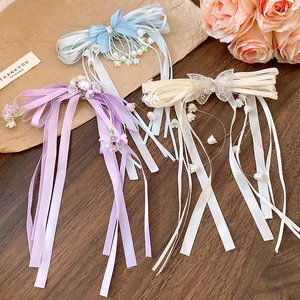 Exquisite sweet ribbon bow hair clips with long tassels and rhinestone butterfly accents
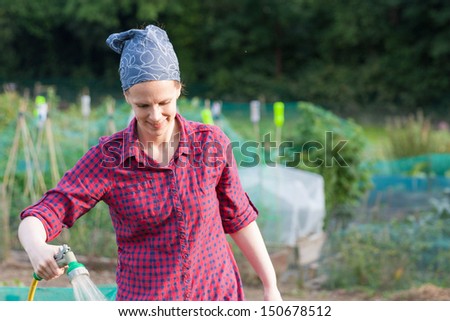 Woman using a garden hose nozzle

---

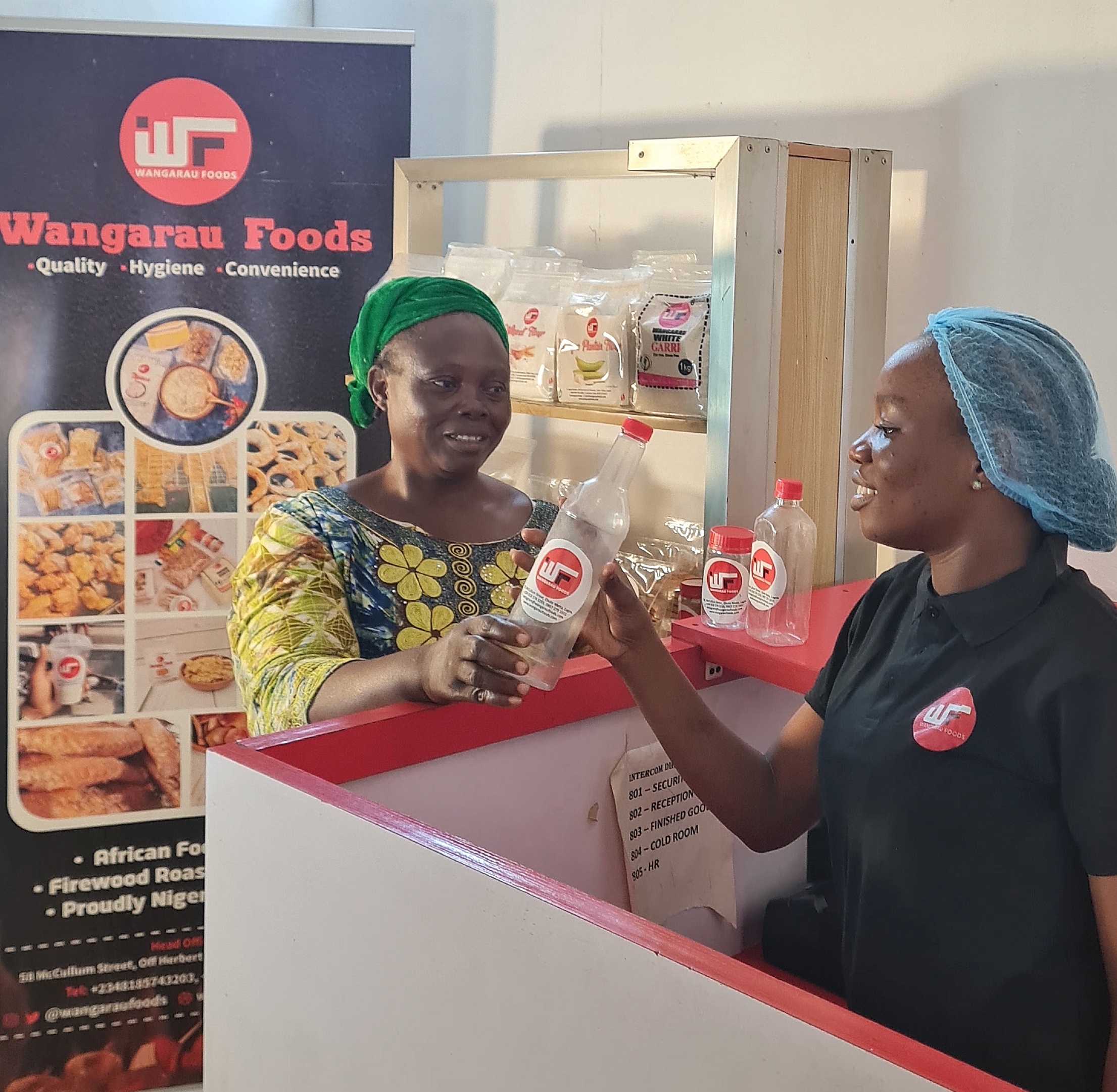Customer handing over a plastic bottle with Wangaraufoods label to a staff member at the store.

** Work to be completed **
Line for line, output the entries above from the line with "Exquisite sweet ribbon" to the line with "Woman using a garden hose nozzle", both included, and nothing more. Skip pictures.

** Expected output **
 Exquisite sweet ribbon bow hair clips with long tassels and rhinestone butterfly accents
 Woman using a garden hose nozzle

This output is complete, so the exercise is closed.